世界の教養365 クローン技術まとめ
1997年ドリーと言う名の羊(♀)が、クローン技術によって誕生。
母親と同DNAを持って生まれた初めての例です。
言うなれば、世代を跨いだ双子のようなものです。
ドリーを生み出すために、核移植手術が用いられました。
これは、クローンの元となる大人の細胞から遺伝物質を取り出し、別の遺伝物質を取り除いた未受精卵に移植する方法です。
世界の科学者が驚いた細胞の分化
この技術の驚くべきところは、今までは心臓の細胞は心臓の細胞しか、肝臓の細胞は肝臓しか作れないと考えられてきました。
しかし、ドリーは母の乳腺の細胞から採取された細胞だけで作られたのです。
このことによって、ある成長し分化した細胞でも一からプログラムし直せることが証明されました。
クローン羊の寿命は短い?
クローンとして育てられたドリーは、母親と決定的に違う部分がありました。
それは、寿命を決めるタンパク質テロメアが極端に短かったことです。
成長するに連れてドリーは、肺がんや重度の関節炎を患い、最後は安楽死によってこの世を去ることになりました。

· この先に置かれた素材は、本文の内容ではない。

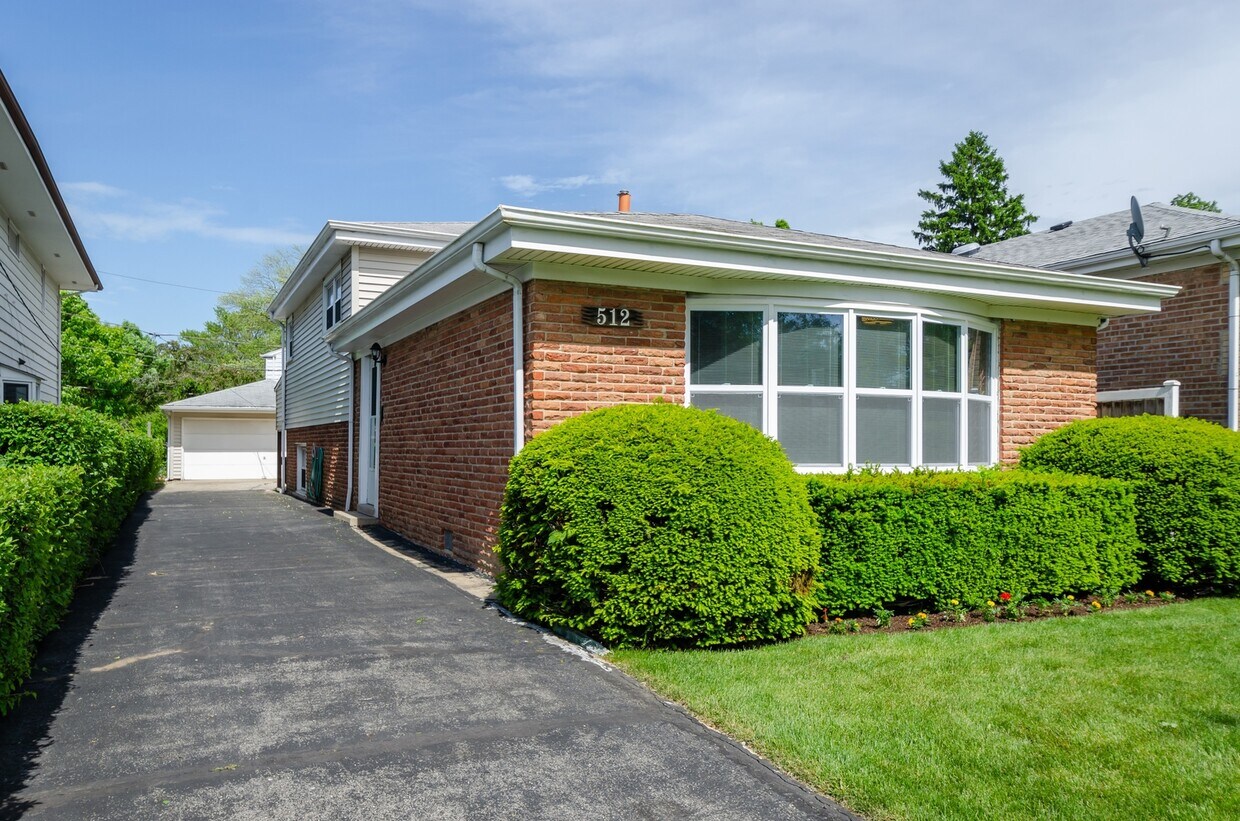 Primary Photo - 512 Skokie Blvd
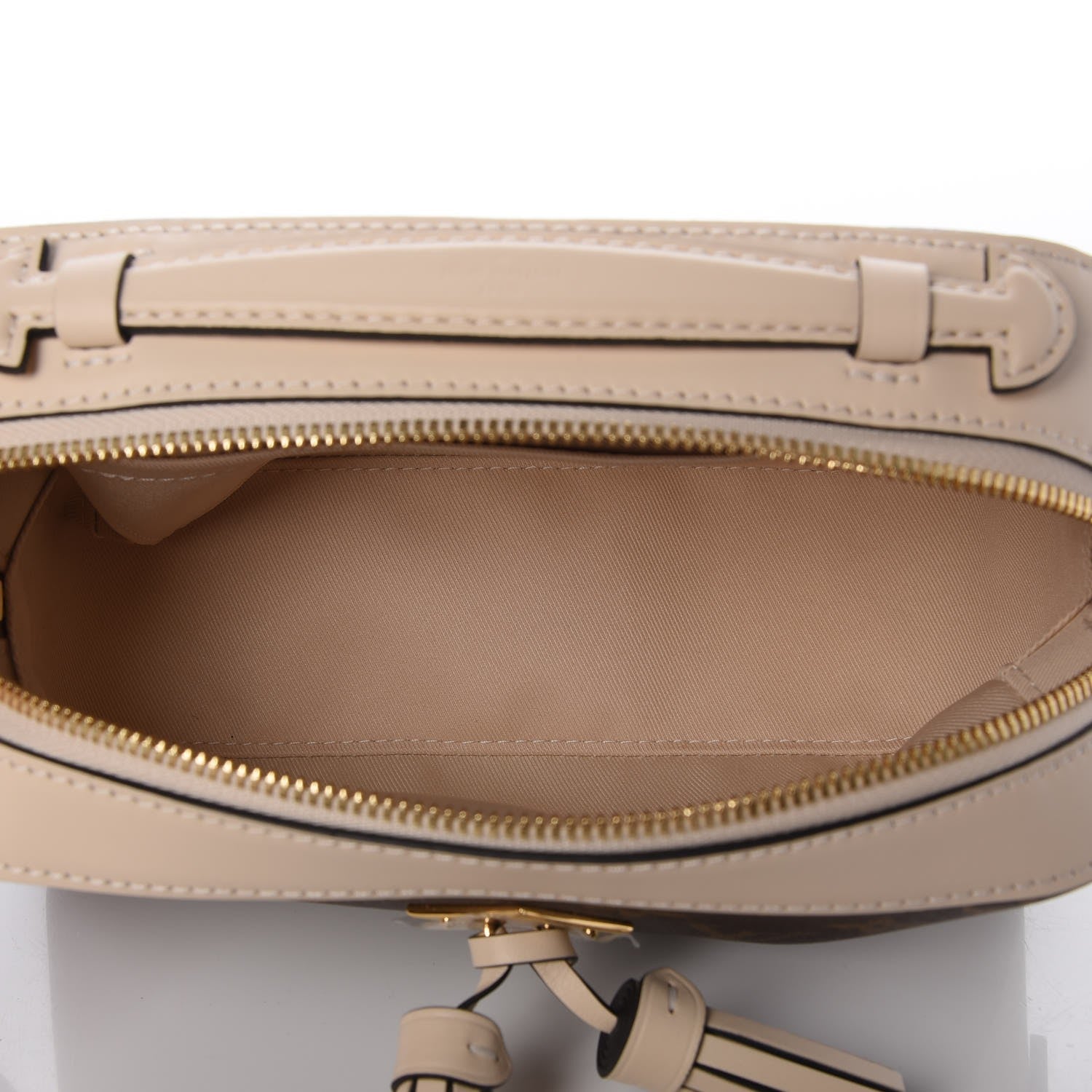 Louis Vuitton Monogram Saintonge Creme 5 of 7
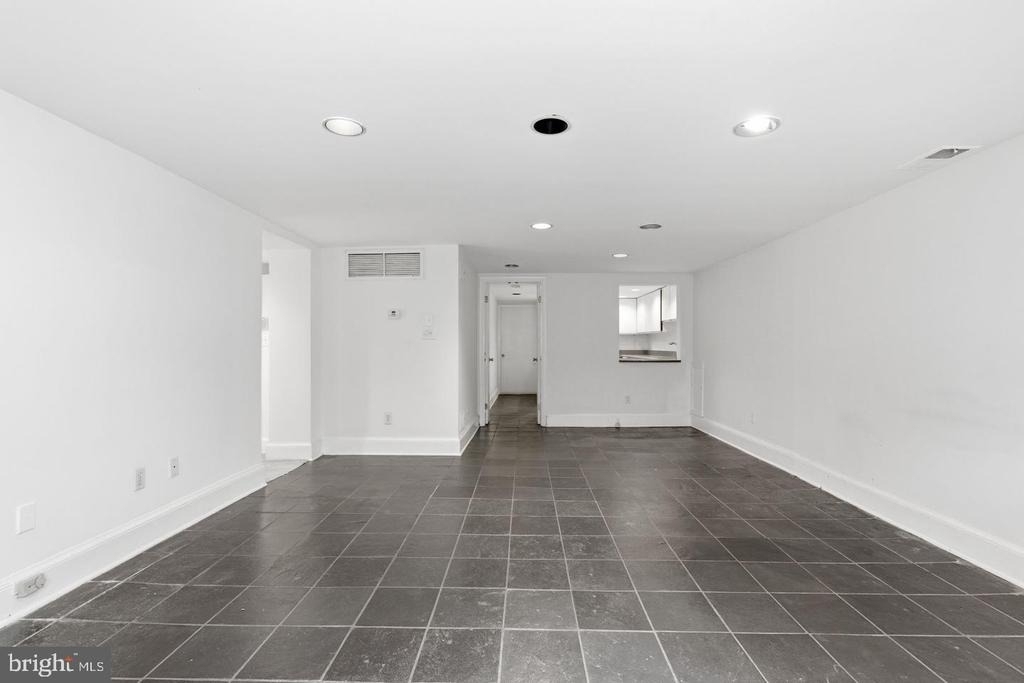 308 East Capitol Street Ne - Photo 14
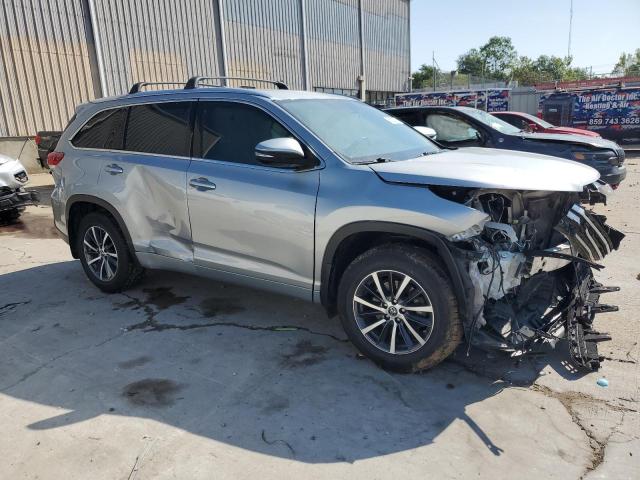 Photo 3 VIN: 5TDJZRFH5JS850135 - TOYOTA HIGHLANDER 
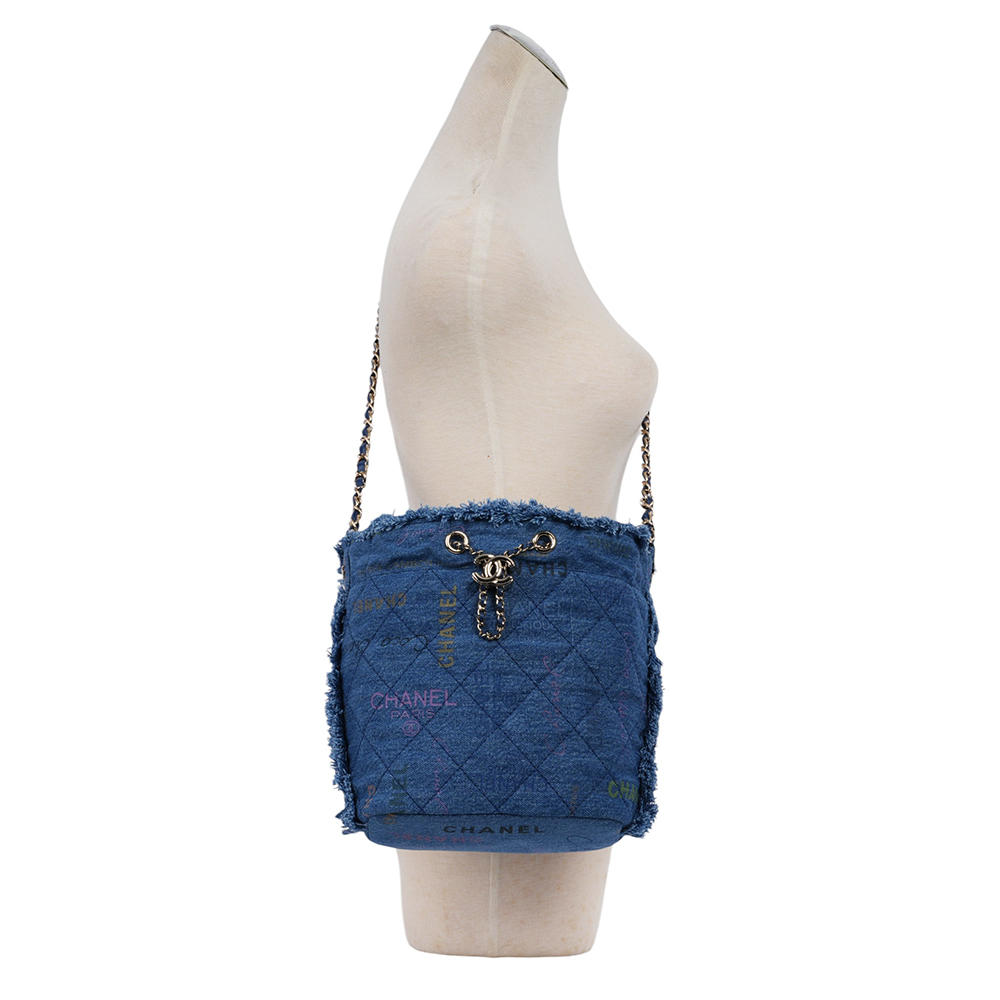 【CHANEL】淡金色CC Logo 塗鴉單寧布水桶包(牛仔藍)AS3027 B07543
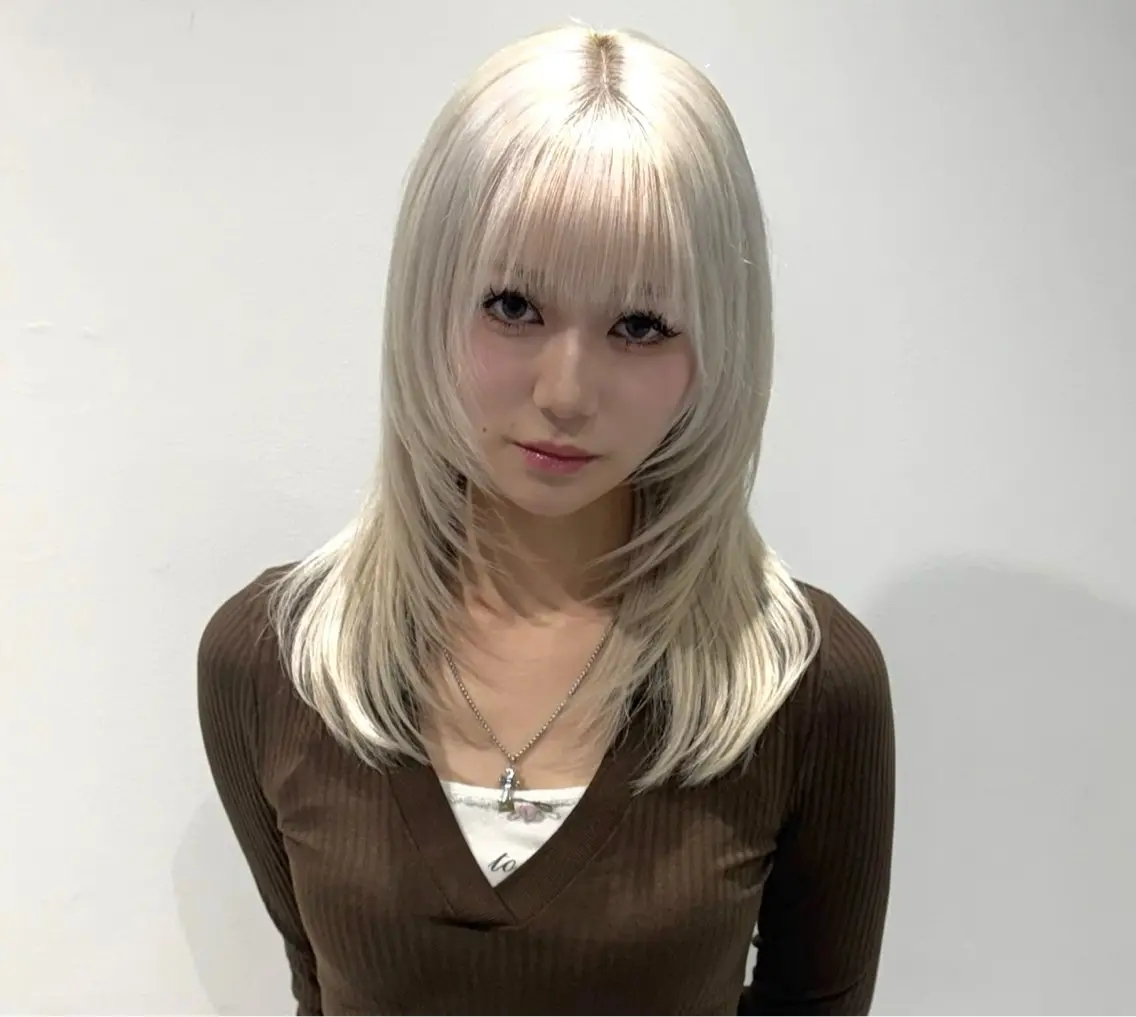 ミディアム ミディアムレイヤー レイヤーカット カット ヘアカラー 佐々木 哲太のヘアスタイル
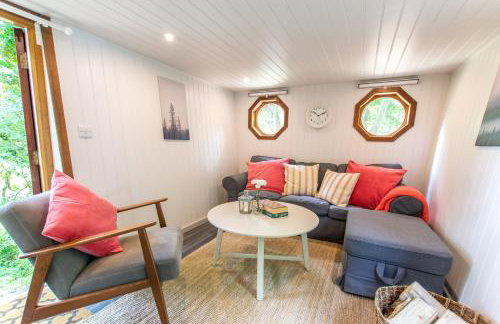 Extraordinary Huts Ltd - Photo 23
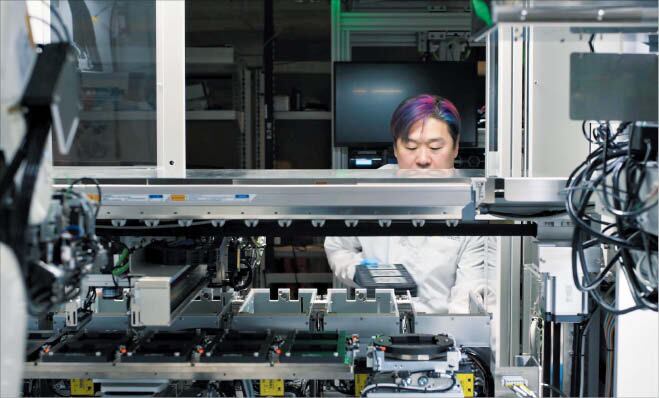 노란 수영복에 섹시한 몸매 어필하는 존예 처자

但し、これは寿命が短くなったことを裏付ける証拠ではなく、6歳を過ぎた母から受け継いだ細胞を使ったために、テロメアが短かったのだろうと推測されています。(諸説あり)
豆知識
・1997年以降は、ウシ、マウス、ブタなどでもクローン作成に成功しています。
・ドリーは死ぬまでに6頭の子羊の母親になりましたが、普通の出産で産むことができたそうです。